# RV + Boat in one vehicle !!! (I want one)



## 93469 (May 1, 2005)

http://www.terrawind.com/terrawind.htm
http://www.terrawind.com/waterphoto.htm
and on the topic of things cool American - have you seen the "sun room" slideout on the new Sun Voyager ??

http://www.oakwellmotorhomes.com/virtualtours/sunvoyager.php


----------



## 88808 (May 9, 2005)

why?

I've been to sea on some daft ships in my time, I think I'll give this one a miss!


----------



## 88726 (May 9, 2005)

unbelieveable ! 8O


----------



## Anonymous (Nov 10, 2000)

Looks like it has the stability of a barrel.

Doug...


----------



## Drummer (May 9, 2005)

Doug60 said:


> Looks like it has the stability of a barrel.
> 
> Doug...


I know ... and I STILL want one :lol:


----------



## 89146 (May 15, 2005)

I am a little perplexed by their claim that it is unsinkable, simply because of available freeboard when "full" of water. No doubt the "Herald of Free Enterprise" had plenty of freeboard when it rolled over........ interesting that there are no shots of it on choppy water or a strong wind.
Looks highly dangerous to me and being America someone who buys one is bound to sue them!

Gill


----------



## 88883 (May 10, 2005)

I agree with the stability concerns.
I certainly would not 'sail' in one !

Captain Chris


----------



## 88808 (May 9, 2005)

spottydog said:


> I am a little perplexed by their claim that it is unsinkable, simply because of available freeboard when "full" of water. No doubt the "Herald of Free Enterprise" had plenty of freeboard when it rolled over........ interesting that there are no shots of it on choppy water or a strong wind.
> Looks highly dangerous to me and being America someone who buys one is bound to sue them!
> 
> Gill


Freeboard is measured from the waterline to the upper most continuous water tight deck. The freeboard deck on a ferry is the deck which the doors are on.

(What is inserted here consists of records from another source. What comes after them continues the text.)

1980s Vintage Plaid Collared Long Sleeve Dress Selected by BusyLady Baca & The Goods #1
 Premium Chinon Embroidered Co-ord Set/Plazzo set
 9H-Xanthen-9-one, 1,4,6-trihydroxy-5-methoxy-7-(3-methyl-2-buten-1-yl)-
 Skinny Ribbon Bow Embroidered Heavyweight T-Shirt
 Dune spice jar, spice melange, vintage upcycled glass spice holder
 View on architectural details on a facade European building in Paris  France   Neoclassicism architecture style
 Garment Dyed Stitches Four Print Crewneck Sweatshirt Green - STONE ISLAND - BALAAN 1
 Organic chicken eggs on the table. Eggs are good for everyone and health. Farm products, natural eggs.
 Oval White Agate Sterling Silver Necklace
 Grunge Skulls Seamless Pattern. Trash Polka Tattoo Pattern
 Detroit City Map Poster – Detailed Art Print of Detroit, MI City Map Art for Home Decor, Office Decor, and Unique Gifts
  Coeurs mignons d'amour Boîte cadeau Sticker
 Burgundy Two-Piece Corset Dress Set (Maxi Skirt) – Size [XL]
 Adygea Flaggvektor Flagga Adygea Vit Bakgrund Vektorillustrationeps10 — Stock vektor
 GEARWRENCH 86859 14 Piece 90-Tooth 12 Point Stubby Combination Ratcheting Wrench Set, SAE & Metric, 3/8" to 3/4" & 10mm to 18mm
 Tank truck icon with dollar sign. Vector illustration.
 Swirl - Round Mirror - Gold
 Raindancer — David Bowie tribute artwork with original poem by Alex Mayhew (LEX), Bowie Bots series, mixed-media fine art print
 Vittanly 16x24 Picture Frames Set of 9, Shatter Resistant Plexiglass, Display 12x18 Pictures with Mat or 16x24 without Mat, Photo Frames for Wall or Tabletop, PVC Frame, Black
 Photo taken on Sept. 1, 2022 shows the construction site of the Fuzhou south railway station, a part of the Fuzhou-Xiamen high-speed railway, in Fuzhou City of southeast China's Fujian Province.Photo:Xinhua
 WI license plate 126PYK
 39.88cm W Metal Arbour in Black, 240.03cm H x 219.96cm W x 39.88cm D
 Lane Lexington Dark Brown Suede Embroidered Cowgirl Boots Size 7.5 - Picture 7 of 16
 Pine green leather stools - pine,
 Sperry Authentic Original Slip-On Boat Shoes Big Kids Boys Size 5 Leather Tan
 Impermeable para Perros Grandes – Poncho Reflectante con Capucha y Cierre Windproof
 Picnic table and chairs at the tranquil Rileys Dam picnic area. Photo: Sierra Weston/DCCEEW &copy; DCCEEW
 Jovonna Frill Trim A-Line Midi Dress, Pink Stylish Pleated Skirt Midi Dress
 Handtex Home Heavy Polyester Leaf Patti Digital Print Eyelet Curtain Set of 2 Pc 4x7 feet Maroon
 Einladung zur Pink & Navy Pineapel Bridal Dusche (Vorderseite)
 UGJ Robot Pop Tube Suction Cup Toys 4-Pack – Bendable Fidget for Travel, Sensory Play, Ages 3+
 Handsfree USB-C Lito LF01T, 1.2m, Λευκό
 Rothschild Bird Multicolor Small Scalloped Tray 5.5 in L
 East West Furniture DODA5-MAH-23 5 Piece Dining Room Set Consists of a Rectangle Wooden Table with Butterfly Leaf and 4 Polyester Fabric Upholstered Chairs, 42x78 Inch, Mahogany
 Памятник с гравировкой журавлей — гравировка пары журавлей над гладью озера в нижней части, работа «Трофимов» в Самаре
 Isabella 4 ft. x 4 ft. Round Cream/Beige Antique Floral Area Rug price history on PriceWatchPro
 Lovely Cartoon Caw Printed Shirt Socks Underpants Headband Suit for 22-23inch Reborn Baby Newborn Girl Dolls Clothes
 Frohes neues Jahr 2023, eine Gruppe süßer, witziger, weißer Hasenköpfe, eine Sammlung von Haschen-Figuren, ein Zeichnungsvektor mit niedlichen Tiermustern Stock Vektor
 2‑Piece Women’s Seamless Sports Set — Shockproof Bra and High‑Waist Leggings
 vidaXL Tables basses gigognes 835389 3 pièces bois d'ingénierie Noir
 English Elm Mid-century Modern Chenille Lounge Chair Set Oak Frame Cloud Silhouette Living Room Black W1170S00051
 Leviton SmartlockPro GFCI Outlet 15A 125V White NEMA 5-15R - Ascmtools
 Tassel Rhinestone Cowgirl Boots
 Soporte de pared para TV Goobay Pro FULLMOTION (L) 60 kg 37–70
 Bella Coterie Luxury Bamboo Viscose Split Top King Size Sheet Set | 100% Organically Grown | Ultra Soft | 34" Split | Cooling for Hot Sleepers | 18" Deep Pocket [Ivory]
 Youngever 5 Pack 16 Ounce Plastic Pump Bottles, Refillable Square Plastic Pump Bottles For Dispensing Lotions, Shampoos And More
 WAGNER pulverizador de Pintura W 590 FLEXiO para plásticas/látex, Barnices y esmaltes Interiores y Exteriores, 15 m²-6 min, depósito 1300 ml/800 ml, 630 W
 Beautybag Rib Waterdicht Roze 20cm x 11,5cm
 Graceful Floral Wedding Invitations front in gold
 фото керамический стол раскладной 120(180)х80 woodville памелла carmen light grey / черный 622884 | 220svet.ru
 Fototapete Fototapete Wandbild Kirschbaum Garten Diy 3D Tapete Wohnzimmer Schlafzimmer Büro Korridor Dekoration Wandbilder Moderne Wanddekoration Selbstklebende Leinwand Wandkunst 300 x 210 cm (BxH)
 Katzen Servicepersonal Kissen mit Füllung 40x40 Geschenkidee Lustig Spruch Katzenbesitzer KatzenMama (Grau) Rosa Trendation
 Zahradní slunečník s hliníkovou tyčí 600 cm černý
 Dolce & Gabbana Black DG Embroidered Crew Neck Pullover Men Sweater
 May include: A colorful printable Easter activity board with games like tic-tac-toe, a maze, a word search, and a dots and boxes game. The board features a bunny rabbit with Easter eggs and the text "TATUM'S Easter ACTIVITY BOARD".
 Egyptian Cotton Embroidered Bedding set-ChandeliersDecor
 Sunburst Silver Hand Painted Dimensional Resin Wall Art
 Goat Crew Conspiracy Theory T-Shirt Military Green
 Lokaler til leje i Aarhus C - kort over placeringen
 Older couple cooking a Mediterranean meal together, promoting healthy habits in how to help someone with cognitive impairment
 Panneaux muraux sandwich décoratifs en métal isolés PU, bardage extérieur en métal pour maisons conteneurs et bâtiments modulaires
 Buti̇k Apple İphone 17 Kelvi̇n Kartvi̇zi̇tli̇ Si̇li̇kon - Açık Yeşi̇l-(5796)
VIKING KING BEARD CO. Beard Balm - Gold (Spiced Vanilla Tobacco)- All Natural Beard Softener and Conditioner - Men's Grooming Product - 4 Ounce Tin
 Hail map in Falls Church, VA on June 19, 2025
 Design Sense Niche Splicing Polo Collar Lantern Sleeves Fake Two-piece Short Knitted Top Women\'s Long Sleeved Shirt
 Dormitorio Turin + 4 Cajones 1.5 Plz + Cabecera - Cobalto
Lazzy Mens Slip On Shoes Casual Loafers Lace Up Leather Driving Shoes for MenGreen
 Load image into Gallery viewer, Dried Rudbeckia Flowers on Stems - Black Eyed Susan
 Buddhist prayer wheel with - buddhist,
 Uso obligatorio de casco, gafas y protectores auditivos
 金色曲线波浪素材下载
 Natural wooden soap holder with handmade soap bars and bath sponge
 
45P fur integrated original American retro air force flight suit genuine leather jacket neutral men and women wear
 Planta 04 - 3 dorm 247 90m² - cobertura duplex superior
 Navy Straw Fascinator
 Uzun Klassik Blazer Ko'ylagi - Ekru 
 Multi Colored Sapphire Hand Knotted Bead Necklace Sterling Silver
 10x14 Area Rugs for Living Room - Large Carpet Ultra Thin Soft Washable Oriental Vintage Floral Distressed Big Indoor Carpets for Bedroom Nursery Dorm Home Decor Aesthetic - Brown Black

The vehicle has 6" of freeboard, they mention an extra foot of "freeboard", but that is incorrect as the hull is not water tight upto that extra foot.

It is basically a pontoon made up of metal boxes welded together. I would accept that without damaging the buoyant compartments it would be impossible to sink the pontoon.

http://www.terrawind.com/unsinkablea.htm

The reason the Herald of free enterprise rolled over was due to "free surface effect" a small layer of water on the car deck moving un hindered across a large area of open deck. The ship rolls to one side and the water flows to that side, the added weight of surface water raises the centre of gravity reducing the GM and therefor the righting lever is reduced, the vessel then adopts an angle of loll and cannot return to the upright position. In the case of a Ro Ro vessel with the bow or stern door open, the opening is now lower to the water on that side which allows even more water to enter the car deck. This adds to the free surface effect and acts to further reduce the righting lever acting to right the vessel. Eventually the righting lever will become a capsizing lever and force the vessel to roll over.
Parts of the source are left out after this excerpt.